Assignment. Give again, word for word, each line below starting at the one that contains "PANTERA PROJECTS IN THE JUNGLE" and ending at the one that contains "Polygala comosa".

Task input.
::::::::
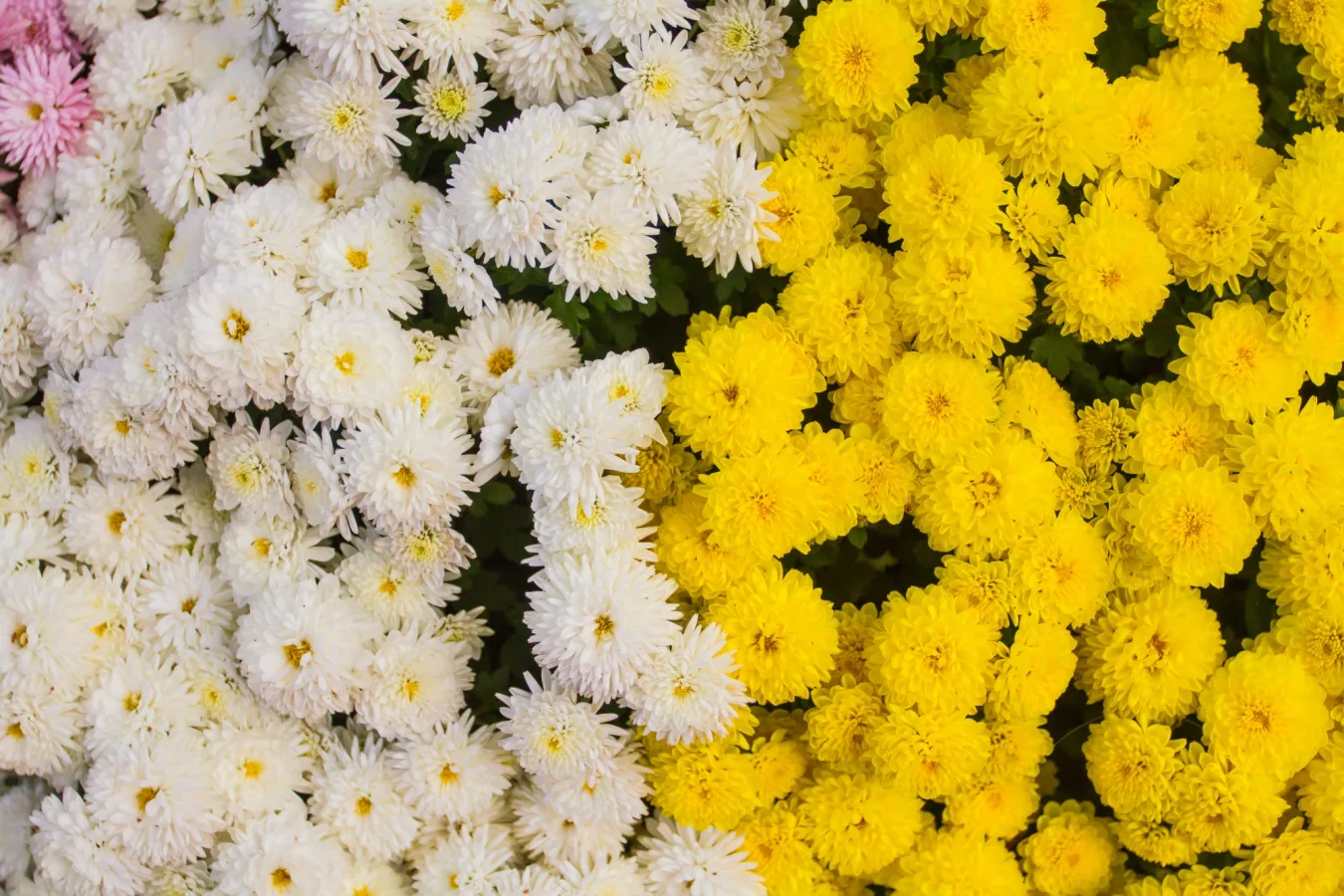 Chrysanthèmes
::::::::
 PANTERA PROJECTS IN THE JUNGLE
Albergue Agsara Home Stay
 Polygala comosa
::::::::
Exercise response.
 PANTERA PROJECTS IN THE JUNGLE
Albergue Agsara Home Stay
 Polygala comosa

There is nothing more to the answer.